TAC contends that it is not an insurer. It cites section 119.008 of the Local Government Code, which provides that a pool created under that Chapter “is not insurance for the purposes of the Insurance Code and other laws of this state.” TAC also notes that the participating counties signed an agreement and bylaws stating that “the parties recognize that the Pool is a risk management fund authorized by statute and the coverage provided is not considered insurance under the Texas Insurance Code and under other state laws.” But because TAC is acting in a capacity virtually identical to that of an insurer in this case, we treat TAC as an insurer for the limited purpose of determining whether it is entitled to reimbursement of settlement funds. We note that TAC itself relies upon insurance cases to support its position.


TAC does not contend that it could not have included a reimbursement clause in its policy. A number of other states’ courts have upheld reimbursement clauses in insurance contracts. See, e.g., Nat’l Cas. Co. v. Lane Express, Inc., 998 S.W.2d 256, 265–66 (Tex.App.—Dallas 1999, pet. denied) (enforcing insurance policy clause requiring insured motor carrier to reimburse insurer). And the presence or absence of a reimbursement clause in the insurance contract could affect the premium charged. See TEX. INS.CODE art. 5.13–2, § 4 (listing factors to be considered in setting insurance rates).


An alternative approach was recognized in Maryland Cas. Co. v. Imperial Contracting Co., 212 Cal.App.3d 712, 260 Cal.Rptr. 797 (1989). There the insurer requested the insured’s consent to participate in a settlement. The insured refused.

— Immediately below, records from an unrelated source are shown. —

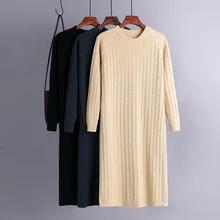 Robe longue ample en tricot pour femmes, simple, droite, pull, élégante, col rond, automne hiver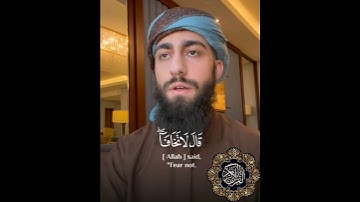  قَالَ لَا تَخَافَآ ۖ إِنَّنِى مَعَكُمَآ أَسْمَعُ وَأَرَىٰ|ماتيسر من سورة (طه) |محمد ديبيروف 🎧
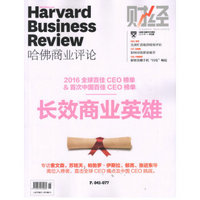 Harvard哈佛商业评论（2016年11月号）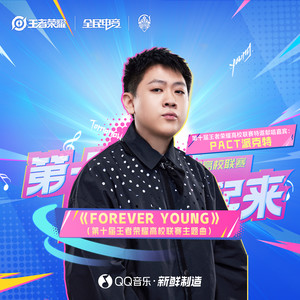 FOREVER YOUNG歌词 - 派克特(PACT)/王者荣耀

The trial court granted the insurer declaratory relief authorizing the insurer to participate in the settlement without the insured’s consent. The appeals court affirmed the trial court, and summarized an insurer’s options in such a situation. The insurer may: (1) turn over the defense to the insured and await resolution of its coverage dispute; (2) relinquish its reservation of rights and acknowledge coverage; or (3) if the insured will not authorize the settlement, seek court approval of the proposed settlement.


We note that in this case, almost two years elapsed between the time TAC filed its declaratory-judgment action and the date it settled the Coseboon suit. The record reflects no effort by TAC during that time to resolve the coverage dispute.